I have the following system of equations:
$$\begin{align} \frac{dX}{dt} &= 2Y-2\\ \frac{dY}{dt} &= 9X-X^3 \end{align}$$
I would like to study the property of solutions to this function about the point $(3,1)$. Namely, I'd like to find a linear approximation for small oscillations about the equilibrium point, and I'd like to estimate the period of oscillation.
I don't exactly know what is meant by "find a linear approximation" for a coupled system, though. I've taken the Jacobian of the system, yielding eigenvalues $6i,-6i$ and corresponding eigenvectors $[1,3i]$ and $[1,-3i]$.
But from here, I don't exactly know where to go.

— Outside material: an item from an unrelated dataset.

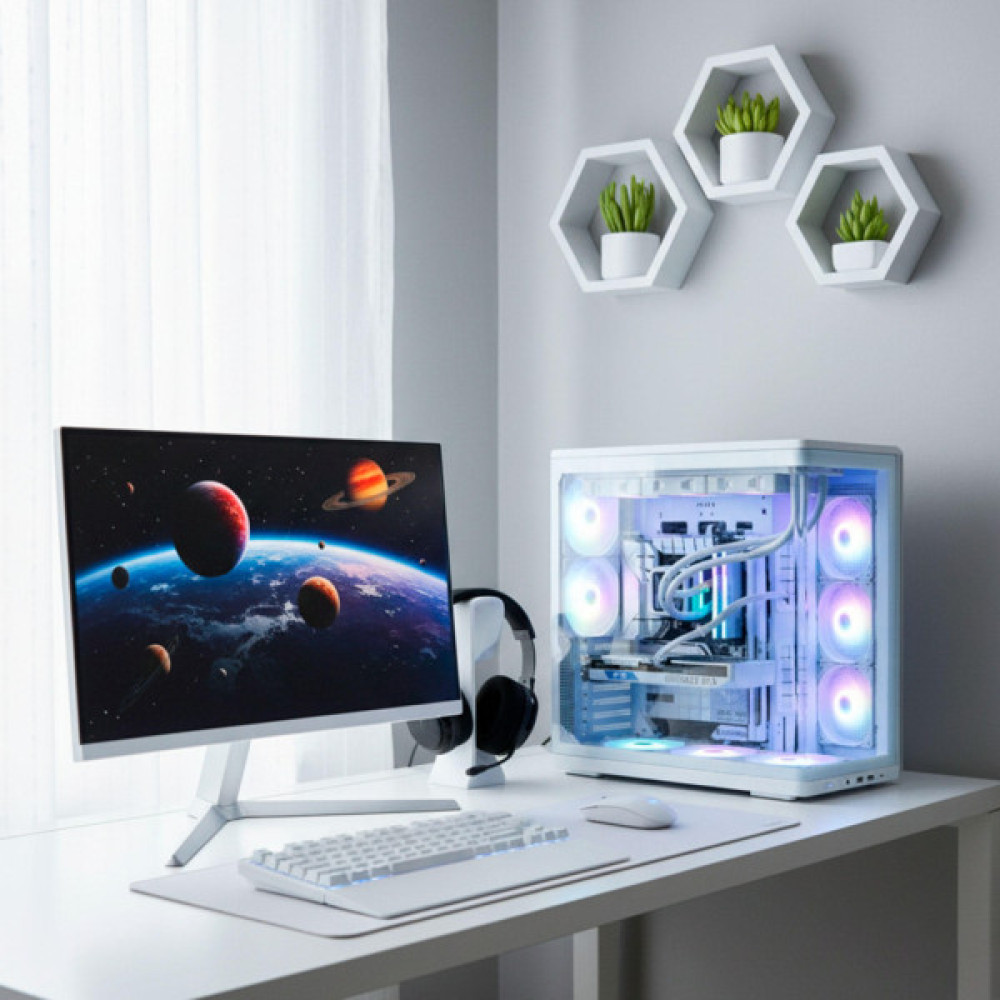 Корпус для ПК Zalman P60WHITE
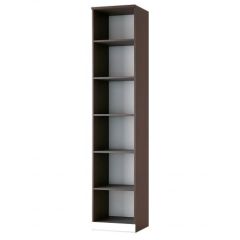 Пенал ГЛУХОЙ НКМ ВЕНЕЦИЯ-1 Секция- 6 (Венге/Белое дерево) в Урае - uray.mebel24.online | фото 2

First write: $$X=x+3,\ \ \ Y=y+1$$ so that the equilibrium point moves to $(0,0)$. The equations become: $$\begin{array}{l}\dot{x}=2y\\\dot{y}=9x+27-(x+3)^3=-x^3-9x^2-18x\end{array}$$ Now linearize in both $x$ and $y$ (i.e.: take the Taylor expansion up to first order). You get: $$\begin{array}{l}\dot{x}=2y\\\dot{y}=-18x\end{array}$$ This equation determinates the dominant behavior of your system near the equilibrium point. I think you can take it from here. Good luck.